Page:Karenin - George Sand sa vie et ses oeuvres T2.djvu/246

Le texte de cette page a été corrigé et est conforme au fac-similé.

« … Si l’homme se développait seulement dans l’ordre de l’utile, il ne différerait de l’animal que par la supériorité de ses instincts, et ne serait pas plus perfectible que lui ; car dans cet ordre même, le progrès en tant qu’indéfini, dépend de la raison et resterait sans elle fatalement renfermé, comme chez les êtres inférieurs, en des limites relatives à l’espèce entière, et que l’individu ne franchirait jamais. C’est à l’intelligence que l’homme doit le privilège de se perfectionner sans cesse, ainsi que le pouvoir toujours croissant qu’il exerce sur la Nature[1]. »

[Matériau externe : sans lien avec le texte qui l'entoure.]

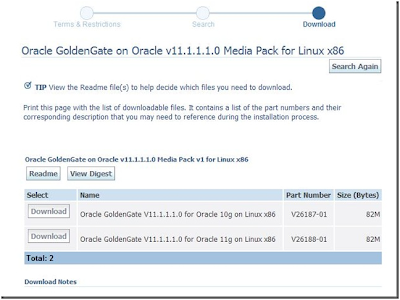 Oracle Tips & Technique: Oracle GoldenGate configuration Step By Step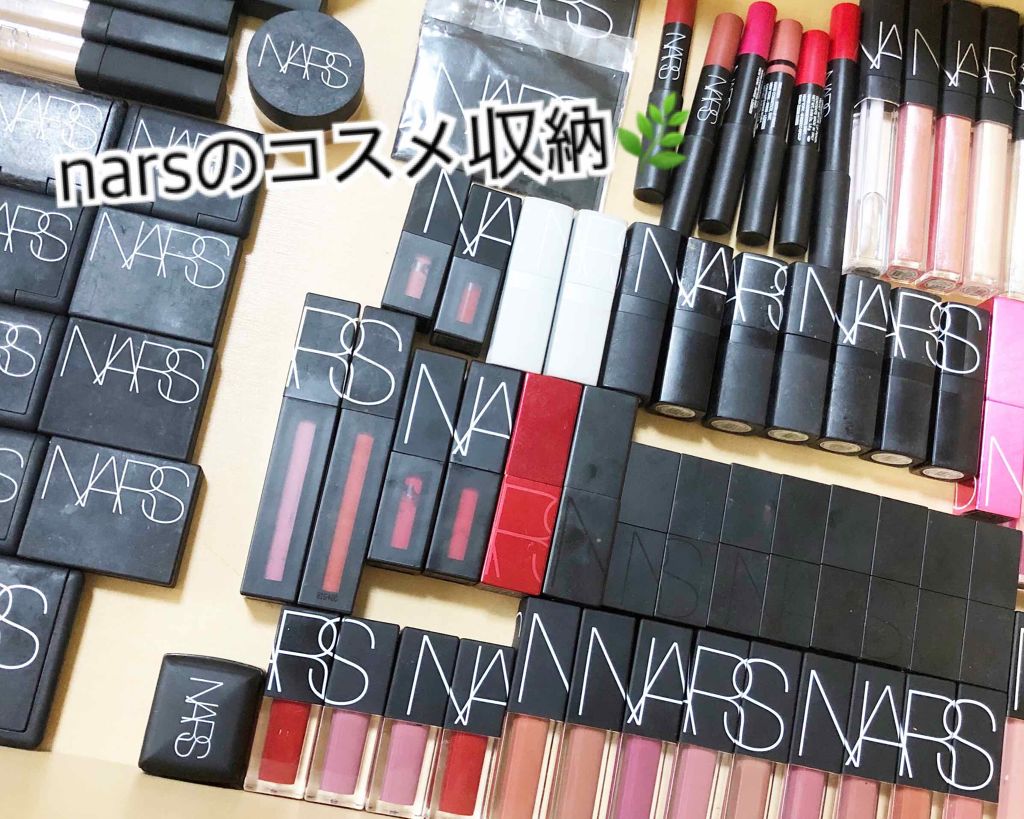 リップスティック(旧)/NARS/口紅を使ったクチコミ（1枚目）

« … Totalement absorbé en elle, il ne pourrait réagir sur elle, la dompter, la soumettre à son empire, s’il ne s’élevait au-dessus d’elle par le don de l’intelligence. Et puisque là où elle n’est pas, tout a des bornes nécessaires et fixes, et que là où elle est, ces bornes disparaissent, elle a évidemment une relation naturelle et directe à l’infini… L’intelligence, dans ce qui la constitue radicalement, est la faculté de percevoir le vrai ou le nécessaire, l’invariable, l’absolu, c’est-à-dire de percevoir Dieu et les idées en Dieu. À l’instant où elle naît, elle engendre des besoins nouveaux, et par conséquent ouvre à l’homme une nouvelle sphère d’action. Mais le Vrai peut être perçu, soit immédiatement en lui-même, soit à travers le voile des choses extérieures ou des formes sensibles qui manifestent au sein de l’espace et du temps, les idées, les types, les modèles éternels de tout ce qui est. Le vrai ainsi perçu prend le nom du Beau, et le Beau est le Vrai manifesté dans une forme sensible. Dès que l’homme en a la vision, il s’unit à lui par l’amour et cherche à le reproduire dans ses œuvres, à y incarner l’exemplaire divin que contemple l’œil interne.

  1. Esquisse d’une Philosophie, vol. III.